= Beginning of Section =

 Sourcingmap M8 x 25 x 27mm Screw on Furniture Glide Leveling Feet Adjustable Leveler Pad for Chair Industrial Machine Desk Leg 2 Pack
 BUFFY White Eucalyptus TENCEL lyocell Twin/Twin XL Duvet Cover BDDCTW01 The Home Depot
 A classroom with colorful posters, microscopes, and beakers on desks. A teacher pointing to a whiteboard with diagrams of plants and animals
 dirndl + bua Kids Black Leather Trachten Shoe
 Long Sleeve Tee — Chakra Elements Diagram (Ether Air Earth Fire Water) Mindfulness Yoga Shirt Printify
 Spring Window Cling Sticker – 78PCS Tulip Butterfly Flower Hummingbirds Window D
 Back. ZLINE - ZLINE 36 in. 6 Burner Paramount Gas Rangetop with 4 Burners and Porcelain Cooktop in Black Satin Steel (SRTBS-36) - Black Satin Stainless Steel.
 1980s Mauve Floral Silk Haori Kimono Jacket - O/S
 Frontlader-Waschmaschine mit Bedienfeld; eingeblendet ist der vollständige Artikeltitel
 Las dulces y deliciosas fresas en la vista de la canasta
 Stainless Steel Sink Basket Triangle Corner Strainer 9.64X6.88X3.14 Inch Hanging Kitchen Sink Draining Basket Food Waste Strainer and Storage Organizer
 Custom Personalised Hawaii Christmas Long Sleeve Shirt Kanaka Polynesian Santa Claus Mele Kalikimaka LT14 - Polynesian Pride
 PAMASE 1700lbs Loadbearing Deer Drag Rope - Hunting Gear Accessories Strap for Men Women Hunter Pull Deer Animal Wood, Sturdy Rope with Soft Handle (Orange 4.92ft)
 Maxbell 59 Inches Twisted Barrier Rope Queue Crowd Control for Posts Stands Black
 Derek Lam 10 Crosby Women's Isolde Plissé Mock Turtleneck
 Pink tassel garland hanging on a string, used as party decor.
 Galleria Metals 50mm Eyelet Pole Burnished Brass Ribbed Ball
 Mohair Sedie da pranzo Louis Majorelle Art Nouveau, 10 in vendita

= End of Section =

Exercise prompt
Output the complete set of records word for word.

Response to this task
 Sourcingmap M8 x 25 x 27mm Screw on Furniture Glide Leveling Feet Adjustable Leveler Pad for Chair Industrial Machine Desk Leg 2 Pack
 BUFFY White Eucalyptus TENCEL lyocell Twin/Twin XL Duvet Cover BDDCTW01 The Home Depot
 A classroom with colorful posters, microscopes, and beakers on desks. A teacher pointing to a whiteboard with diagrams of plants and animals
 dirndl + bua Kids Black Leather Trachten Shoe
 Long Sleeve Tee — Chakra Elements Diagram (Ether Air Earth Fire Water) Mindfulness Yoga Shirt Printify
 Spring Window Cling Sticker – 78PCS Tulip Butterfly Flower Hummingbirds Window D
 Back. ZLINE - ZLINE 36 in. 6 Burner Paramount Gas Rangetop with 4 Burners and Porcelain Cooktop in Black Satin Steel (SRTBS-36) - Black Satin Stainless Steel.
 1980s Mauve Floral Silk Haori Kimono Jacket - O/S
 Frontlader-Waschmaschine mit Bedienfeld; eingeblendet ist der vollständige Artikeltitel
 Las dulces y deliciosas fresas en la vista de la canasta
 Stainless Steel Sink Basket Triangle Corner Strainer 9.64X6.88X3.14 Inch Hanging Kitchen Sink Draining Basket Food Waste Strainer and Storage Organizer
 Custom Personalised Hawaii Christmas Long Sleeve Shirt Kanaka Polynesian Santa Claus Mele Kalikimaka LT14 - Polynesian Pride
 PAMASE 1700lbs Loadbearing Deer Drag Rope - Hunting Gear Accessories Strap for Men Women Hunter Pull Deer Animal Wood, Sturdy Rope with Soft Handle (Orange 4.92ft)
 Maxbell 59 Inches Twisted Barrier Rope Queue Crowd Control for Posts Stands Black
 Derek Lam 10 Crosby Women's Isolde Plissé Mock Turtleneck
 Pink tassel garland hanging on a string, used as party decor.
 Galleria Metals 50mm Eyelet Pole Burnished Brass Ribbed Ball
 Mohair Sedie da pranzo Louis Majorelle Art Nouveau, 10 in vendita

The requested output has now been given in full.